Kutacane, Waspada24.com – Praktik mencurigakan dalam pengelolaan Dana Desa kembali mencuat ke permukaan. Kali ini, tudingan serius diarahkan kepada salah satu oknum pendamping desa di Kecamatan Lawe Sumur, Kabupaten Aceh Tenggara, yang diduga menguasai penuh pembuatan dokumen Anggaran Pendapatan dan Belanja Desa (APBDes) dan Surat Pertanggungjawaban (SPJ) di sejumlah desa dalam wilayah tersebut.
Ketua DPD LSM Penjara Provinsi Aceh, Pajri Gegoh Selian, mengungkapkan bahwa hasil investigasi Forum Masyarakat Desa (Formades) menemukan indikasi praktik ilegal dalam proses penyusunan dokumen-dokumen tersebut. “Pembuatan dokumen APBDes dan SPJ yang dilakukan oleh kepala desa, ternyata tidak lepas dari intervensi pendamping desa. Bahkan, mereka mematok tarif yang bervariasi, antara Rp10 juta hingga Rp18 juta per desa,” ujarnya kepada Waspada24.com, Selasa (3/6/2025).
Tarif tersebut disebut-sebut dibayarkan menggunakan Dana Desa, yang sejatinya diperuntukkan bagi pembangunan dan pemberdayaan masyarakat. Praktik ini, lanjut Gegoh, telah berlangsung selama beberapa tahun dan dinilai sebagai bentuk pungutan liar serta pelanggaran terhadap Peraturan Menteri Desa PDTT Nomor 40 Tahun 2021.
Tak berhenti di ranah administratif, oknum pendamping desa yang identitasnya belum dipublikasikan secara resmi juga diduga memanfaatkan posisinya untuk menguasai sejumlah proyek fisik di desa. Salah satunya dengan mendirikan usaha bengkel las pribadi, yang kemudian menjadi pihak pelaksana dalam berbagai proyek pembesian di desa-desa Kecamatan Lawe Sumur.
“Usaha bengkel las ini mulai aktif kembali sejak akhir 2024. Beberapa proyek seperti pembangunan teratak desa hingga pekerjaan besi lainnya diberikan langsung kepada bengkel miliknya,” terang Gegoh. Anehnya, bengkel tersebut disebut tidak memiliki izin usaha resmi, karena tidak tampak adanya plang usaha sebagaimana diatur dalam perizinan komersial.

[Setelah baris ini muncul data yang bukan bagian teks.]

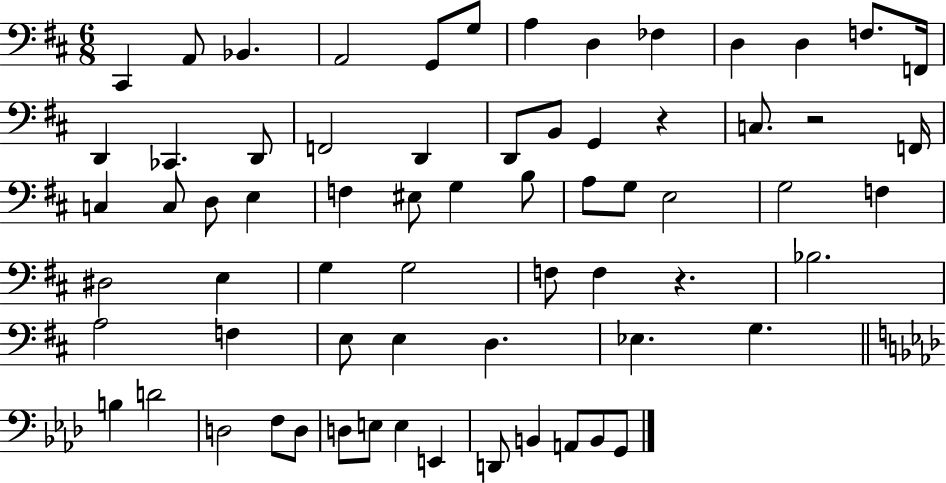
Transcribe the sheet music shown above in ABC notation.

X:1
T:Untitled
M:6/8
L:1/4
K:D
^C,, A,,/2 _B,, A,,2 G,,/2 G,/2 A, D, _F, D, D, F,/2 F,,/4 D,, _C,, D,,/2 F,,2 D,, D,,/2 B,,/2 G,, z C,/2 z2 F,,/4 C, C,/2 D,/2 E, F, ^E,/2 G, B,/2 A,/2 G,/2 E,2 G,2 F, ^D,2 E, G, G,2 F,/2 F, z _B,2 A,2 F, E,/2 E, D, _E, G, B, D2 D,2 F,/2 D,/2 D,/2 E,/2 E, E,, D,,/2 B,, A,,/2 B,,/2 G,,/2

LSM Penjara menilai tindakan ini sebagai bentuk penyalahgunaan wewenang, bahkan bisa mengarah pada tindak pidana korupsi. “Ini jelas-jelas melanggar Pasal 17 Undang-Undang Nomor 30 Tahun 2014 tentang Administrasi Pemerintahan, serta Undang-Undang Nomor 19 Tahun 2019 tentang Perubahan atas UU Tipikor. Siapa pun yang memperkaya diri dari uang negara adalah pelaku korupsi,” tegasnya.

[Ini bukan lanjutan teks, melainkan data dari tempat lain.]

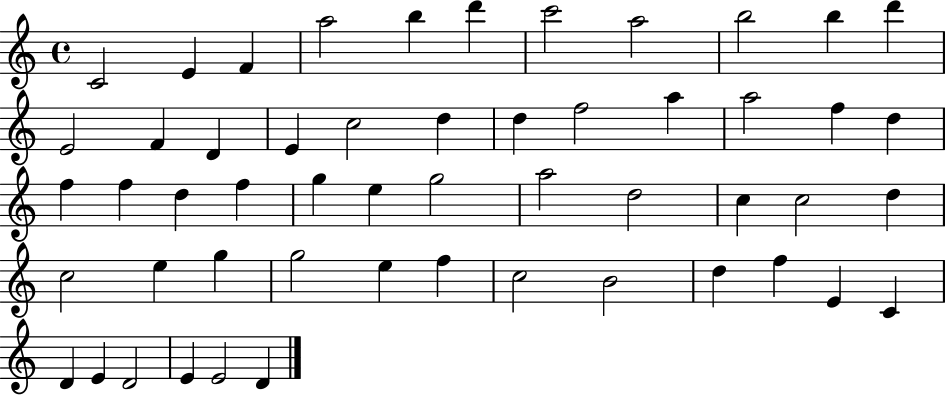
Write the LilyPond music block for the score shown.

Lebih lanjut, Gegoh menyampaikan bahwa tindakan tersebut bukan baru terjadi di tahun 2025. Dugaan keterlibatan oknum pendamping desa dalam pembuatan dokumen APBDes dan SPJ telah berlangsung sejak beberapa tahun terakhir, dan menjadi praktik sistemik yang luput dari pengawasan pemerintah daerah.
“Pendamping desa seharusnya bertugas mendampingi, bukan mengerjakan secara langsung. Tugas mereka adalah memastikan perencanaan, penyaluran, pemanfaatan, dan pelaporan Dana Desa berjalan sesuai ketentuan, bukan malah mengambil alih dan mencari keuntungan pribadi,” katanya.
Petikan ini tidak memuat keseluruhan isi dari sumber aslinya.